1367.21. (a) No health care service plan contract which covers prescription drug benefits shall be issued, amended, delivered, or renewed in this state if the plan limits or excludes coverage for a drug on the basis that the drug is prescribed for a use that is different from the use for which that drug has been approved for marketing by the federal Food and Drug Administration (FDA), provided that all of the following conditions have been met:
(1) The drug is approved by the FDA.
(2) (A) The drug is prescribed by a participating licensed health care professional for the treatment of a life-threatening condition; or
(B) The drug is prescribed by a participating licensed health care professional for the treatment of a chronic and seriously debilitating condition, the drug is medically necessary to treat that condition, and the drug is on the plan formulary.

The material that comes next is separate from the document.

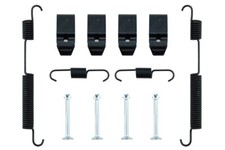 Mâchoire de frein Kia RIO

If the drug is not on the plan formulary, the participating subscriber’s request shall be considered pursuant to the process required by Section 1367.24.
(3) The drug has been recognized for treatment of that condition by any of the following:
(A) The American Hospital Formulary Service’s Drug Information.
(B) One of the following compendia, if recognized by the federal Centers for Medicare and Medicaid Services as part of an anticancer chemotherapeutic regimen:
(i) The Elsevier Gold Standard’s Clinical Pharmacology.
(ii) The National Comprehensive Cancer Network Drug and Biologics Compendium.
(iii) The Thomson Micromedex DrugDex.
(C) Two articles from major peer reviewed medical journals that present data supporting the proposed off-label use or uses as generally safe and effective unless there is clear and convincing contradictory evidence presented in a major peer reviewed medical journal.
(b) It shall be the responsibility of the participating prescriber to submit to the plan documentation supporting compliance with the requirements of subdivision (a), if requested by the plan.
(c) Any coverage required by this section shall also include medically necessary services associated with the administration of a drug, subject to the conditions of the contract.
(d) For purposes of this section, “life-threatening” means either or both of the following:
(1) Diseases or conditions where the likelihood of death is high unless the course of the disease is interrupted.
(2) Diseases or conditions with potentially fatal outcomes, where the end point of clinical intervention is survival.
(e) For purposes of this section, “chronic and seriously debilitating” means diseases or conditions that require ongoing treatment to maintain remission or prevent deterioration and cause significant long-term morbidity.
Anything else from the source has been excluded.